Cuando pensamos en la prehistoria, en general prima la idea de un período misterioso, oscuro y poco interesante, al que desde la misma escuela se le  dedica poca atención, para pasar rápidamente a las civilizaciones consideradas verdaderamente significativas (Sumerios, Asirio-Babilónicos, Egipcios, Griegos y así siguiendo). El término “prehistórico” además ha ido tomando una acepción negativa, si no degradatoria: se lo relaciona con actitudes y creencias rudas, viejas y pasadas de moda, a descartar lo antes posible para reemplazarlas por algo más avanzado y “civilizado”.

Pero ¿fueron así las cosas realmente?

Basta profundizar un poco en el tema para descubrir el enorme patrimonio de sabiduría y experiencia acumulada en el pasado por civilizaciones sumamente antiguas, a menudo olvidadas, borradas o en todo caso poco conocidas.

Gracias al trabajo de Marjia Gimbutas – una estudiosa que ha revolucionado el campo de la arqueología – y de muchos otros, emerge al menos en relación a la Europa Neolítica una imágen fascinante: una civilización dinámica, rica en intercambios y desplazamientos, pacífica, armónica y paritaria, basada en la colaboración, la búsqueda del equilibrio y el respeto por la naturaleza y dotada de una profunda espiritualidad. Una civilización que honraba a la mujer, pero no oprimía ni discriminaba a los hombres. Una espiritualidad que celebraba al sexo como sagrado, como fuente de vida y fecundidad y veneraba a una Diosa que encarnaba al nacimiento, a la vida, la muerte y la regeneración sin contraposiciones, en un ciclo infinito. Miles de refrencias surgidas de los campos de excavación conducidos por Gimbutas, catalogadas, estudiadas e interpretadas, confirman esta idea.

En las islas de Malta y de Gozo así como en muchos otros sitios, por ejemplo, el hecho de que no se hayan encontrado armas de guerra, muros de fortificación y defensa ni señales de conflicto, refuerzan la hipótesis de comunidades pacíficas. En cambio abundaban los templos (en la foto, la muralla de siete metros de altura que rodea las de Ggantija, en Gozo), cuya dimensión monumental requería del involucramiento de un gran número de personas, desde quienes escavaban, desplazaban y erigían las grandes masas pétreas que constituían los templos y las imponentes murallas que los rodeaban, hasta los artistas capaces de crear esculturas sublimes, vasos decorados y bellos grabados.

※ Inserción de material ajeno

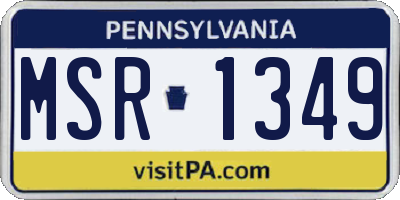 PA license plate MSR1349
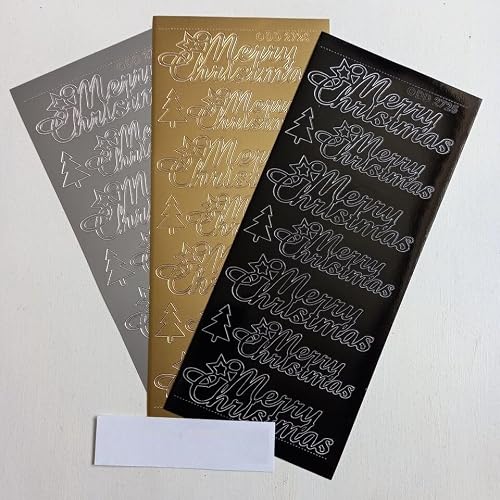 Trto Gold 1Pcs Color Merry Christmas Medium & Large Peel Off Stickers Card Making Easy To Use And Sticks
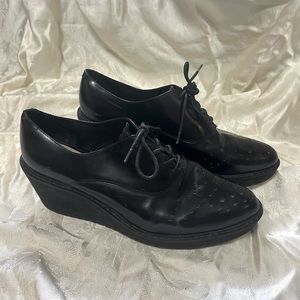 Clarks black platform lace up wedge oxfords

Esta misma dimensión demuestra además el rol central del elemento espiritual en civilizaciones dotadas de una gran maestría arquitectónica y una tecnología muy avanzada para trabajar la piedra así como la capacidad de mantener proyectos en el tiempo, a través de diversas generaciones. Tal como ocurrió milenios más tarde, cuando comunidades  enteras unidas por el fervor religioso contribuyeron a la construcción de las grandes catedrales góticas europeas.

Es como si un hilo conductor uniera períodos históricos muy distantes entre sí a través de una investigación sobre el contacto con lo Sagrado que se manifiesta en inmensas construcciones, pero también en una espiritualidad profunda y alegre, a veces reprimida y eliminada por la  violencia y la intolerancia de otras religiones, pero siempre dispuesta a volver a emerger y a manifestarse. Los ritos de fertilidad del Neolítico se advierten en las fiestas de primavera que han permanecido por siglos en todas las regiones europeas y las espirales, símbolo universal del incesante flujo de la energía vital, decoran los lugares sagrados de todo el mundo.

Si se considera el proceso humano desde este punto de vista, reconocer la enorme contribución de las civilizaciones “prehistoricas” representa un homenaje y un agradecimiento a nuestros antepasados, lejanos en el tiempo, pero cercanos a nosotros por su sensibilidad.